■ **EXERCISE OBJECTIVE**:
Each line of the material below with the word "will" is to be reported.

■ **THE DATA**:
Content starts
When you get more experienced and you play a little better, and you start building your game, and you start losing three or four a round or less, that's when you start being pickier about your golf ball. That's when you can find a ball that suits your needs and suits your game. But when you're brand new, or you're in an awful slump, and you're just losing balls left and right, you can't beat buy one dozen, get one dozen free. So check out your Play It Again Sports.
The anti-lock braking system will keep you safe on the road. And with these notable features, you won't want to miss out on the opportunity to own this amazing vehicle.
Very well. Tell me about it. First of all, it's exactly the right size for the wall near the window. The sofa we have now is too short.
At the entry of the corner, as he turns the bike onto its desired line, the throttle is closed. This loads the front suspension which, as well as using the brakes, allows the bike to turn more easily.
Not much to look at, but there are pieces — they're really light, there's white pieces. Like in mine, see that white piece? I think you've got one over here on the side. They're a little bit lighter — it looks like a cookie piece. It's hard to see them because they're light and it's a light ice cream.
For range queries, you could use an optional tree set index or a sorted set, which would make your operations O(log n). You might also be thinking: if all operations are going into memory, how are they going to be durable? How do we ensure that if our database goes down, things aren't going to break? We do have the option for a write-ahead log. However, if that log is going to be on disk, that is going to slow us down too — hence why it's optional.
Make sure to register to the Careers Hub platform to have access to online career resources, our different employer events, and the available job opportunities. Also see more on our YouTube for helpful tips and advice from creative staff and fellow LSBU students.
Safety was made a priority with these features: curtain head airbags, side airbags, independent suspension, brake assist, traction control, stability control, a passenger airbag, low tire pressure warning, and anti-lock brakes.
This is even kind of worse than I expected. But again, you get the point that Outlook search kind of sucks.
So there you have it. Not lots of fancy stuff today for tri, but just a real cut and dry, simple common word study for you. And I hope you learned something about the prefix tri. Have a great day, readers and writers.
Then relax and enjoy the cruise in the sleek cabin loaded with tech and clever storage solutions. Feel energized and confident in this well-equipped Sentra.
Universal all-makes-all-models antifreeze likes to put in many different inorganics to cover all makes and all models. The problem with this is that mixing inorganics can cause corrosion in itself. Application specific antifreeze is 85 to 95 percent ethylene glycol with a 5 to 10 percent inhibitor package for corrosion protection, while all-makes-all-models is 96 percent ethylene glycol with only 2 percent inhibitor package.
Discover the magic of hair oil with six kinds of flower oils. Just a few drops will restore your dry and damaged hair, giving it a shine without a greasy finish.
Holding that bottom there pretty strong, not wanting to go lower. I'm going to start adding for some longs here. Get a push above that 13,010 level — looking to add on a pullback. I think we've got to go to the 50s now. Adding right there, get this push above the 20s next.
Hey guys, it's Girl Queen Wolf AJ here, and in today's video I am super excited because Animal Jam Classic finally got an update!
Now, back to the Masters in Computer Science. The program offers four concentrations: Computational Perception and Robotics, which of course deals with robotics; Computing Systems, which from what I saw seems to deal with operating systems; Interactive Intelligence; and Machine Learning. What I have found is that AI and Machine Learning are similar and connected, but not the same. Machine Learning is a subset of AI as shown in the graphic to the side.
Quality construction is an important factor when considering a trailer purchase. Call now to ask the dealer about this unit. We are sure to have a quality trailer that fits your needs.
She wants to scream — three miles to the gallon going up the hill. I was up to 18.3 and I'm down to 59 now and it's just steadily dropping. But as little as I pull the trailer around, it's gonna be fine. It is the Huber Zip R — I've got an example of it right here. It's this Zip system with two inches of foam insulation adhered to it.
Content ends
■ **TASK OUTPUT**:
The anti-lock braking system will keep you safe on the road. And with these notable features, you won't want to miss out on the opportunity to own this amazing vehicle.
Discover the magic of hair oil with six kinds of flower oils. Just a few drops will restore your dry and damaged hair, giving it a shine without a greasy finish.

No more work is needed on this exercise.